Useful Information




WHERE CAN I WORK ?

If you are a student or backpacker planning to work abroad during the summer vacation you should establish
before you apply for a job whether you can work legally in the country of your choice. Most employers will not even consider
your application unless you can demonstrate that you can produce the necessary documentation. Some countries have special schemes
for harvest workers such as fruit pickers. You can see our interpretation of the schemes for EU, UK, Australia and USA further
down this page.


HOW DO I APPLY ?


When you apply for a job send a brief email to the employer saying something about yourself, including your
age and nationality, how you qualify to work in that particular country and what dates you are available for work.  If you have done similar work before, the contact details of a previous employer who will give you a reference is useful. A full CV is not normally needed for holiday jobs and you should not send attachments, unless you are asked to. (An exception might be if you wanted
to add a photo of yourself but this is strictly optional).


PLEASE REMEMBER US!


Mentioning PickingJobs in your application is always a good idea. In the subject line is best
but anywhere will do. Employers like to know how people found out about them and if they know people are finding them through
this site they are more likely to use it again next year and may even tell others about it – which means more jobs for everyone.


HOW MUCH WILL I BE PAID ?


For fruit picking you will normally be paid piecework rates, that is, you are paid by quantity/weight picked. This rate is often worked out so that the average worker earns the minimum wage for the country. The work is hard and even a fit person should allow a few days to get up to speed. Remember that hours of work may be restricted due to weather or crop conditions.

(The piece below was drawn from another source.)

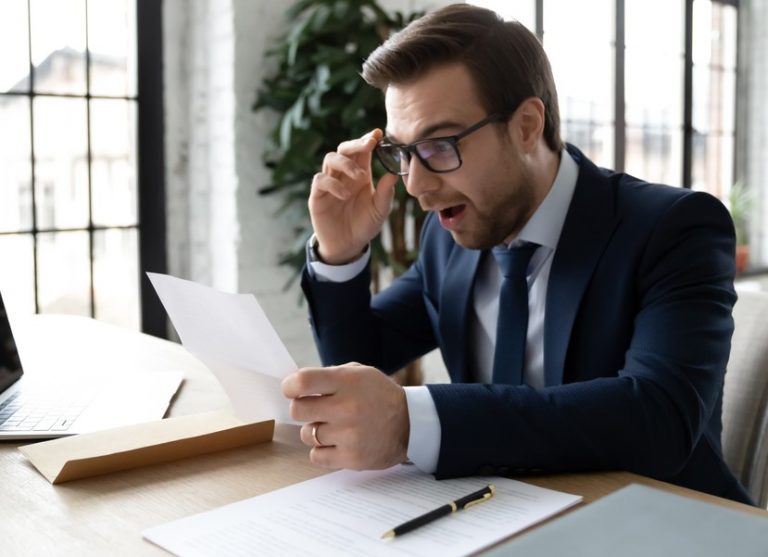 Pic of landlord reading a letter from a letting gent about EPC rules property118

Employers in other industries normally pay hourly rates.


SUN PROTECTION


When working outdoors in the summer you should wear appropriate clothes to protect yourself from sunburn.
You should also remember to drink plenty water to prevent dehydration.


WORKING IN EU COUNTRIES*


Nationals of the 25 EU countries have freedom to work in any other EU country. You will be required to show your passport or identity card to the employer who may wish to keep a photocopy.

For more detailed information

click here


WORKING IN THE UK*


To find out if you can work in the UK please

click here
.


SAWS*


SAWS is British government sponsored scheme which has been severely cut back in recent years. It is now limited to nationals of Bulgaria and Romania to enable them carry out harvest work on farms throughout the UK.

Click here

for more details.


WORKING IN AUSTRALIA*


The Working Holiday Maker (WHM) visa gives you 12 months to travel to Australia from the date the visa is granted. You are allowed to stay in Australia for 12 months from the date you first enter Australia. You may work full-time, part-time or casually for 3 months at a time with any one employer. You should keep a record of your employment on form 1263 which entitles you to apply for a second working holiday visa.

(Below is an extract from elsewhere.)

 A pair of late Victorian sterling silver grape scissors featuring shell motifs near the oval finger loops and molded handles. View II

Australia has reciprocal working holiday maker arrangements with the following countries: the United Kingdom, Canada, Netherlands,
Japan, Republic of Ireland, Republic of Korea, Malta, Germany, Denmark, Sweden, Norway, Hong Kong (HKSAR), Finland, Cyprus, Italy,
France, Belgium, Estonia and Taiwan.

People who hold valid passports of most of these foreign countries are able to apply for a Working Holiday visa in any country (except
Australia). Applicants who hold a valid passport from Japan, the Republic of Korea, Malta, Germany, Taiwan, the HKSAR (or a British National
Overseas passport) or the Republic of Cyprus, must apply in the foreign country which issued the passport.

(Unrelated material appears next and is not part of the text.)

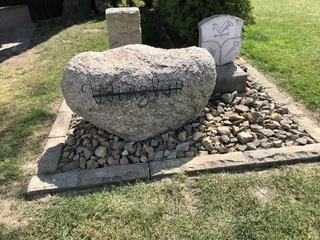 Aussichtspunkt Haarberg Ein großer Felsblock mit der Aufschrift "Windkraft" liegt auf einem mit Steinen umrandeten Platz.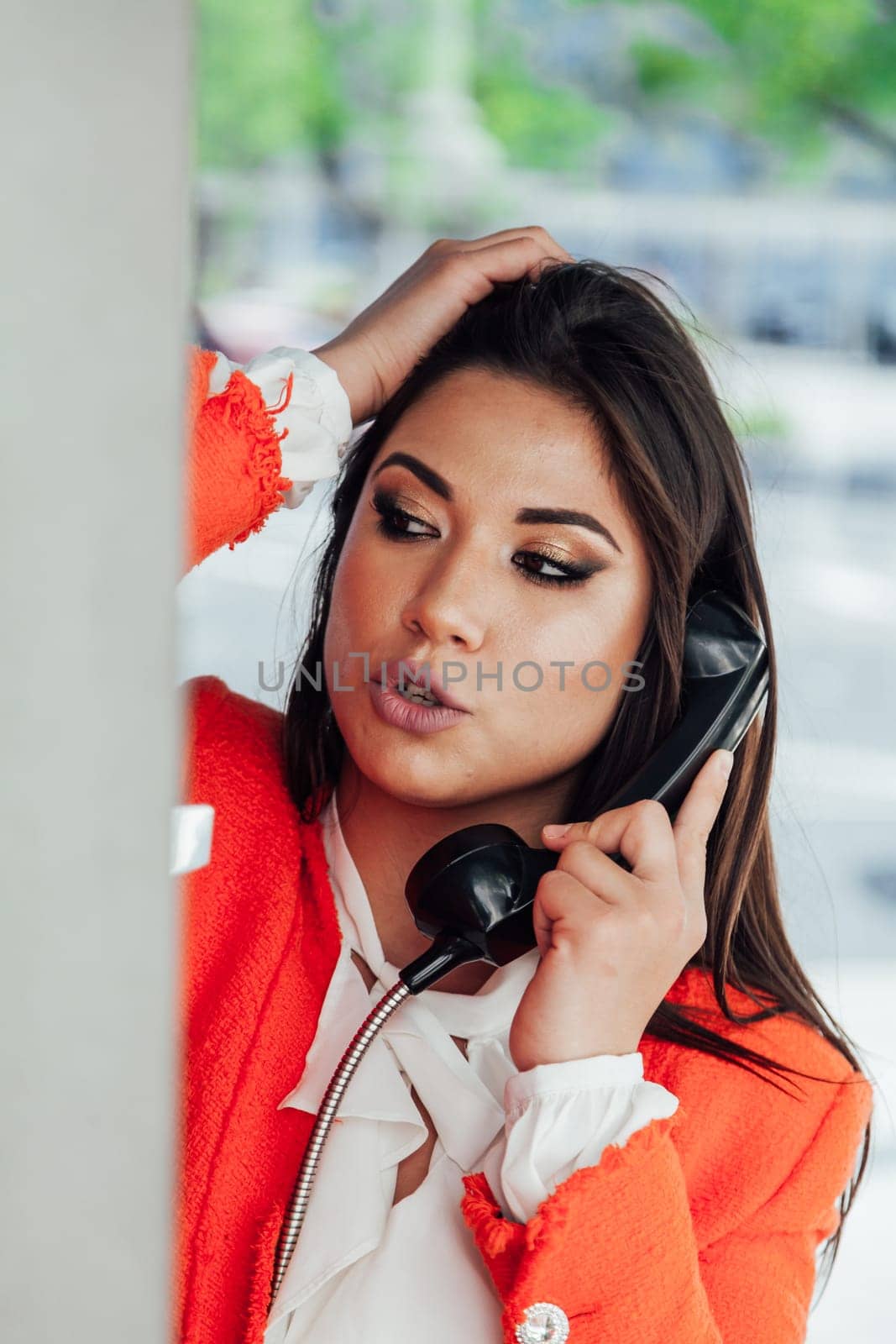 Woman talking on the phone in a booth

Working holiday visa applicants need to be aged between 18 and 30, single or married without children. They need to show that:


their main reason for coming to Australia is for a holiday, and that any work they do is to support themselves while they are on holiday;

they have a good chance of finding temporary work to supplement their holiday funds; they have a return ticket or sufficient
funds for a return fare and the first part of their stay; and they intend to leave Australia at the end of their authorised
stay.


For accurate up-to-date information see this informative website operated by the

Australian Government


WORKING IN THE USA*


International applicants need to be students and to have either a J-1 Exchange Visitors’ Visa for cultural exchange for work or travel or an F-1 Visa for practical training. It is notoriously difficult for applicants who are not students and who do not have the above visas to get jobs in USA.

US Visas

from the US Department of State provides more details.


*PLEASE NOTE the information regarding working in different counties throughout the world is intended as a very basic guide only and no guarantee
is given as to its veracity. You must check these thing out with the appropriate authorities. Detailed information can be obtained from your nearest embassy or consulate of the country you wish to visit. To find it see

www.embassyworld.com

DISCLAIMER


By using this web site you accept the following conditions:

PickingJobs.com and its agents accepts no responsibility for the completeness or accuracy of any of the information contained on
or accessed through this site and makes no representations about its suitability for any particular purpose. Users should make
their own judgements about those matters. To the extent permitted by law, PickingJobs excludes all liability for loss or damage
arising from the use of, or reliance on, the information contained in or accessed through this web site whether or not caused by
any negligence on the part of PickingJobs or its agents. The Law of Scotland shall apply.